M. le président. Par amendement n° 5, le Gouvernement propose d'insérer, après l'article 8 nonies, un article additionnel ainsi rédigé :
« I. - Il est inséré, après l'article 706-24 du code de procédure pénale, un article 706-24-1 ainsi rédigé :
« Art. 706-24-1. - En cas d'urgence, si les nécessités de l'instruction l'exigent, les visites, perquisitions et saisies peuvent être effectuées en dehors des heures prévues par l'article 59, pour la recherche et la constatation des actes de terrorisme prévus par l'article 706-16 et punis d'au moins dix ans d'emprisonnement :
« 1° Lorsqu'il s'agit d'un crime ou d'un délit flagrant ;
« 2° Lorsqu'il existe un risque immédiat de disparition des preuves ou des indices matériels ;
« 3° Lorsqu'il existe des présomptions qu'une ou plusieurs personnes se trouvant dans les locaux où la perquisition doit avoir lieu se préparent à commettre de nouveaux actes de terrorisme.
« A peine de nullité, ces opérations doivent être prescrites par une ordonnance motivée du juge d'instruction précisant la nature de l'infraction dont la preuve est recherchée ainsi que l'adresse des lieux dans lesquelles ces opérations doivent être accomplies, et comportant l'énoncé des considérations de droit et de fait qui constituent le fondement de cette décision par référence aux seules conditions prévues par les 1°, 2° et 3° du présent article.
« Cette ordonnance est notifiée par tout moyen au procureur de la République. Elle n'est pas susceptible d'appel.
« Les dispositions du quatrième alinéa de l'article 706-24 sont applicables.
« II. - Au deuxième alinéa de l'article 706-24 du code de procédure pénale, il est ajouté, après les mots "de l'enquête", les mots "de flagrance". »
La parole est à M. le garde des sceaux.
M. Jacques Toubon, garde des sceaux. Mon propos ne sera pas long, car ce point a fait l'objet, cet après-midi, de l'essentiel de mon intervention à la tribune ; il a été repris par le rapporteur de la commission, et une sorte de débat s'est instauré pendant la discussion générale à ce sujet.

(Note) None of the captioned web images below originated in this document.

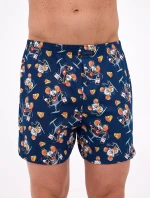 Boxerky Cornette Classic 011/176 Mouse 3XL-5XL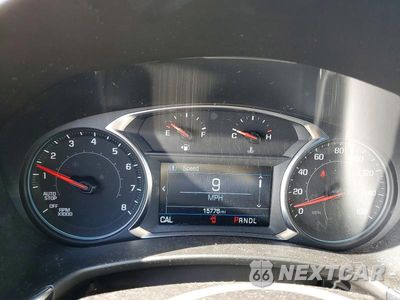 Zdjęcie 9 z 13 samochodu: 2024 CHEVROLET EQUINOX RS VIN:3GNAXMEG6RL287879 - miniatura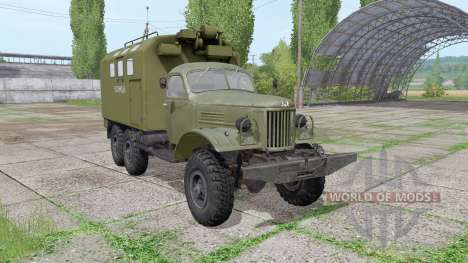 ZIL 157КД 1978 for Farming Simulator 2017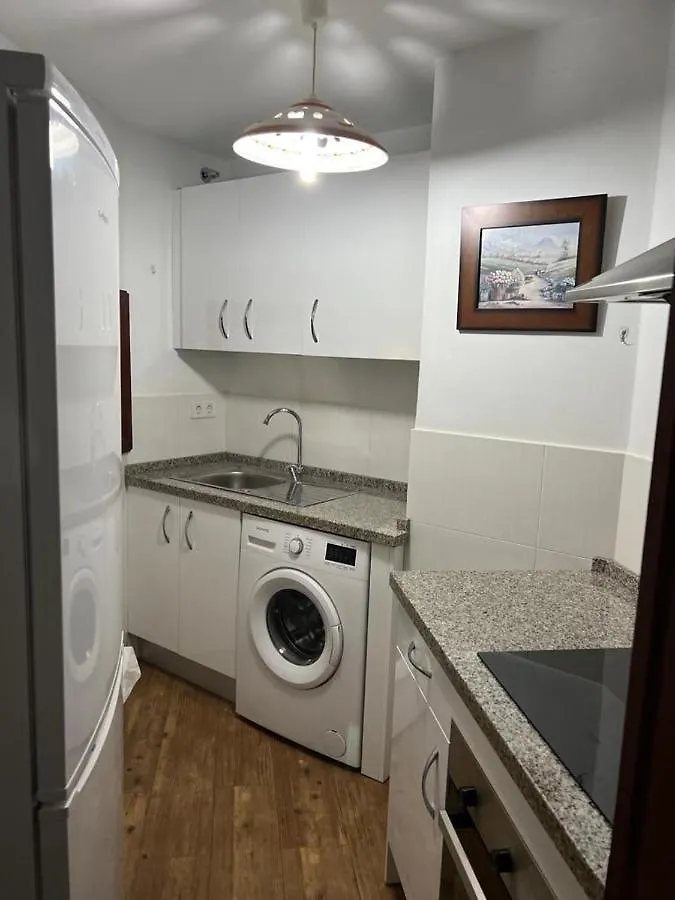 Apartment Apartamento Turistico R. Gonzalez Abreu Seville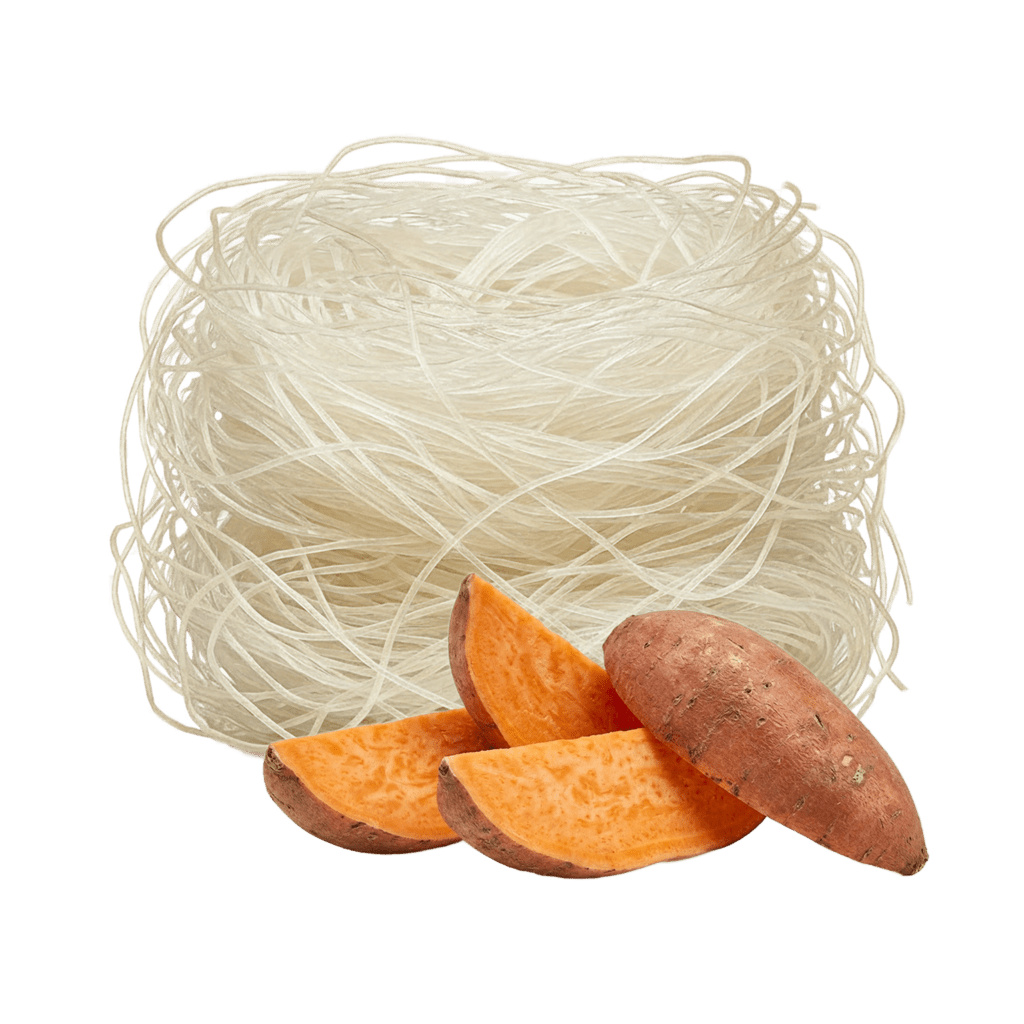 Фунчоза из бататного крахмала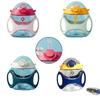 Non-imported Loveduoqi Tritan Children's Straw Cup High-quality And Durable Suitable For Kids With Handle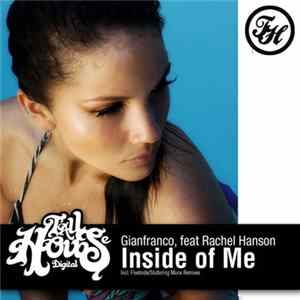 Gianfranco , feat Rachel Hanson - Inside Of Me Album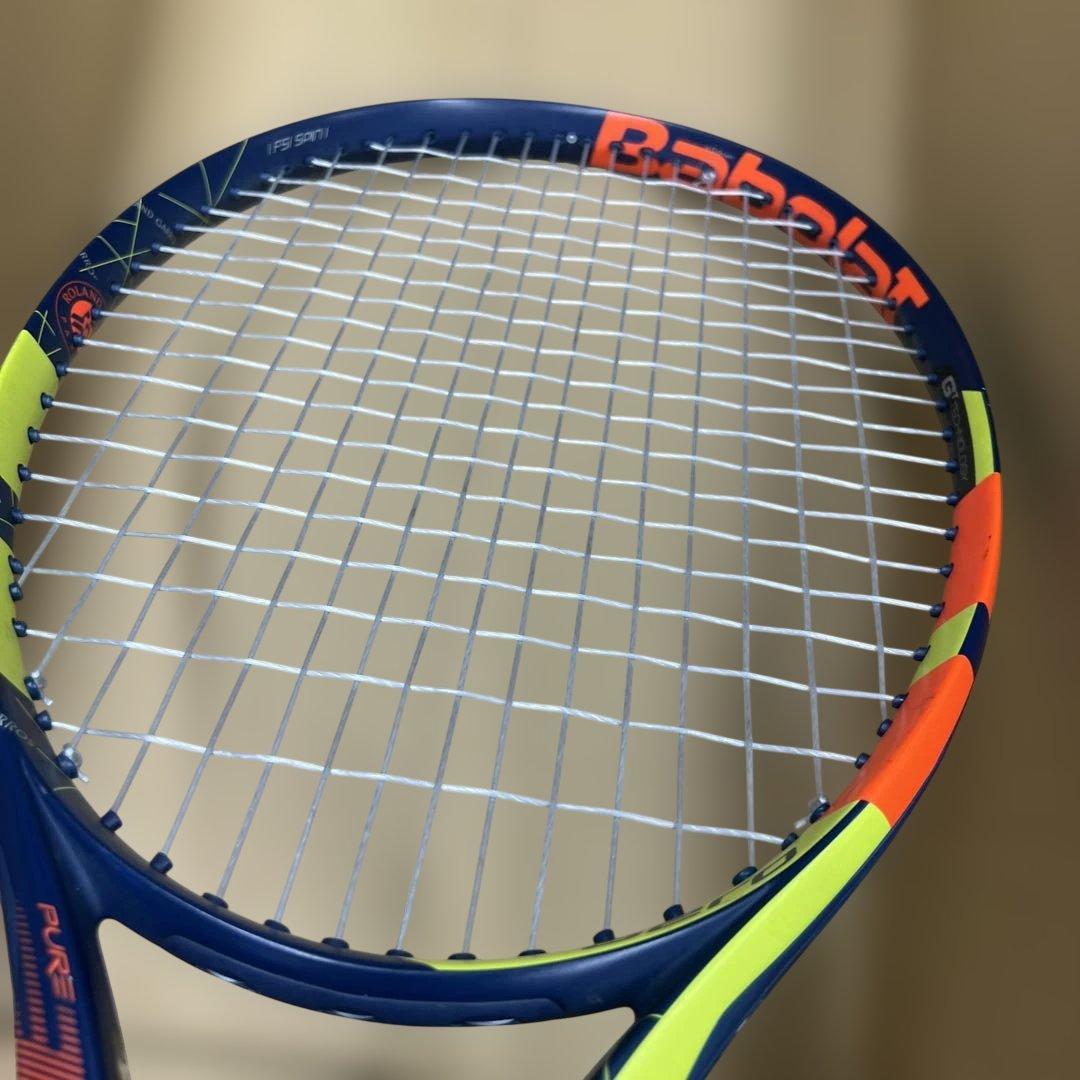 限定モデル　ナダル　バボラ　DEJIMA PURE AERO G2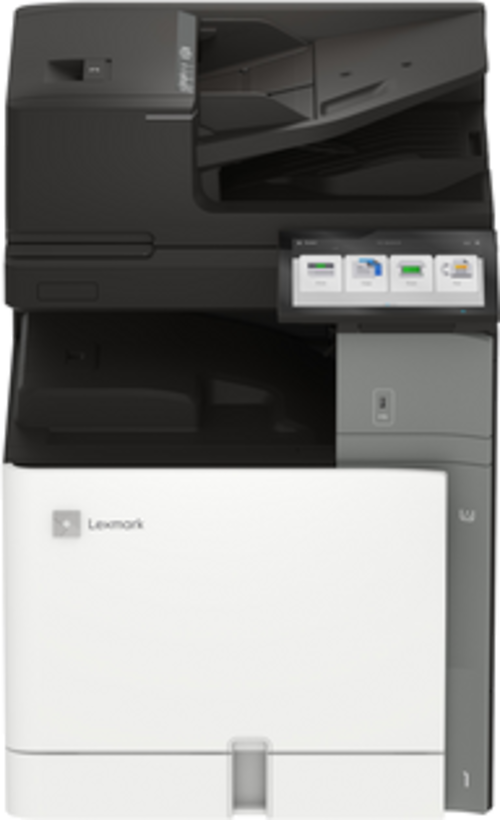Lexmark CX833se MFP
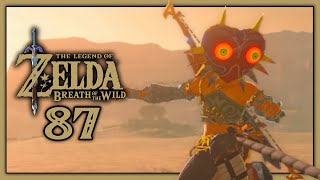 The Legend of Zelda Breath of the Wild  87 [upl. by Winna]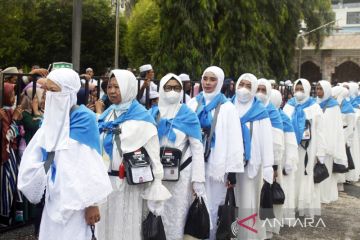 Pemerintah terbitkan Keppres Biaya Penyelenggaraan Ibadah Haji 1444 H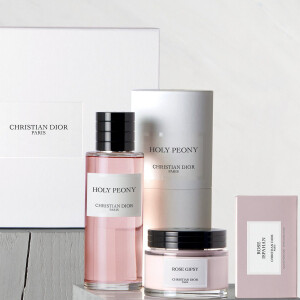 Пион, жасмин и майская роза: 5 цветочных ароматов Dior
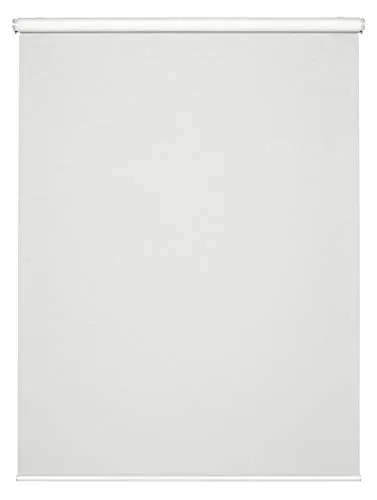 GARDINIA Seitenzugrollo Comfort Move, Lichtschutz 75x150 cm - Rollos mit regulierbarer Aufrollgeschwindigkeit, freihängend, ideal für Sichtschutz und Tageslicht, einfach zu montieren ohne Bohren.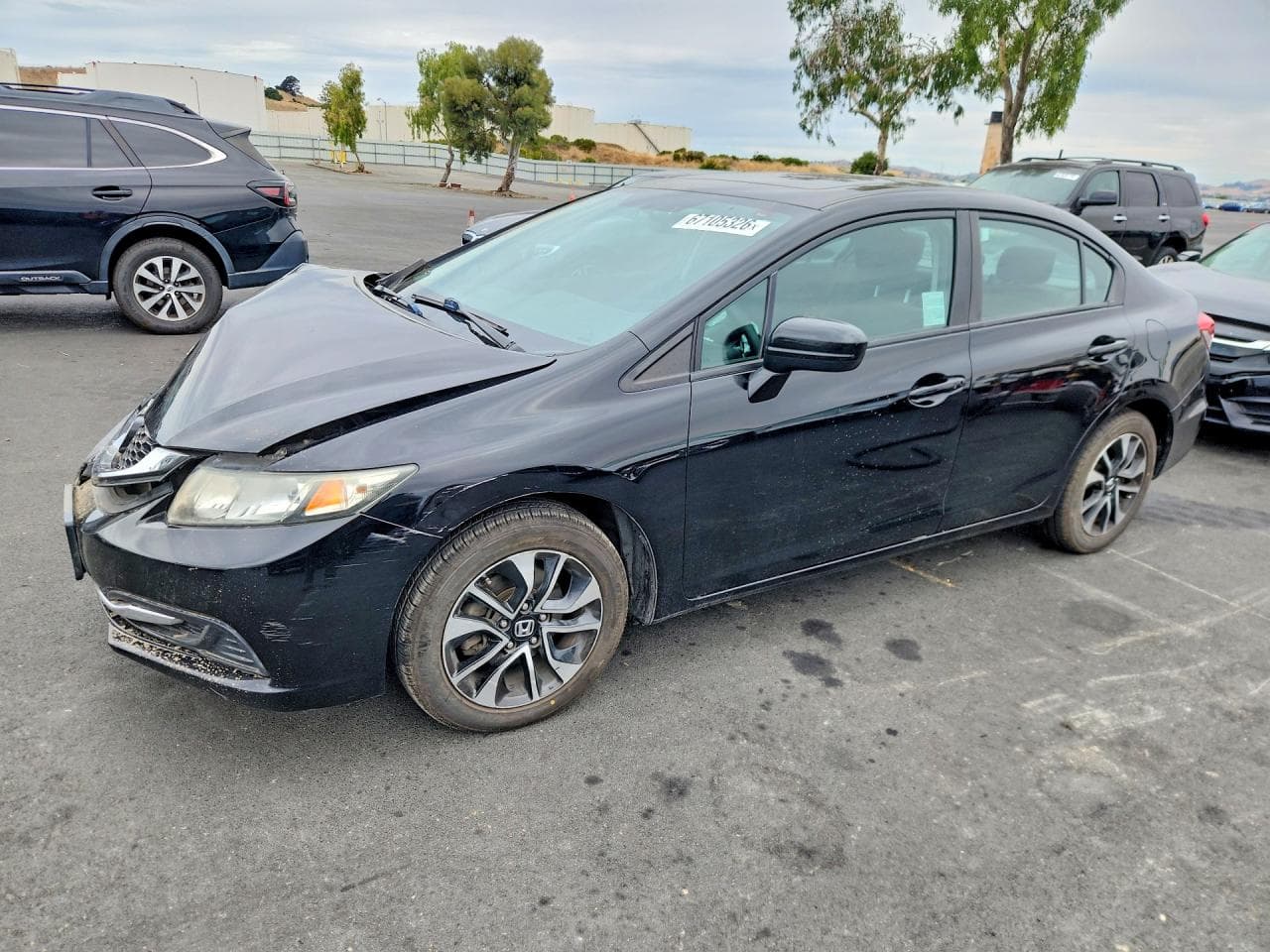 HONDA CIVIC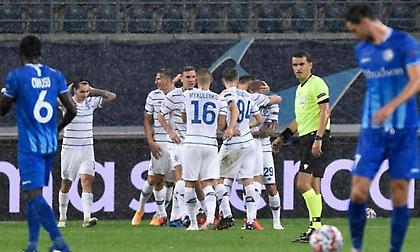 Live: Ντιναμό Κιέβου-Γάνδη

Cet amendement vise à introduire, en tenant compte de la décision prise au mois de juillet par le Conseil constitutionnel, la faculté pour le juge d'instruction de pouvoir décider de faire procéder dans plusieurs cas à des perquisitions de nuit avant six heures du matin, pour la recherche et la constatation des actes de terrorisme prévus par l'article 706-16 du code de procédure pénale et punis de plus de dix ans d'emprisonnement : lorsqu'il s'agit d'un crime ou d'un délit flagrant ; lorsqu'il existe un risque immédiat de disparition des preuves ou des indices matériels ; lorsqu'il existe des présomptions qu'une ou plusieurs personnes se trouvant dans les locaux où la perquisition doit avoir lieu se préparent à commettre de nouveaux actes de terrorisme.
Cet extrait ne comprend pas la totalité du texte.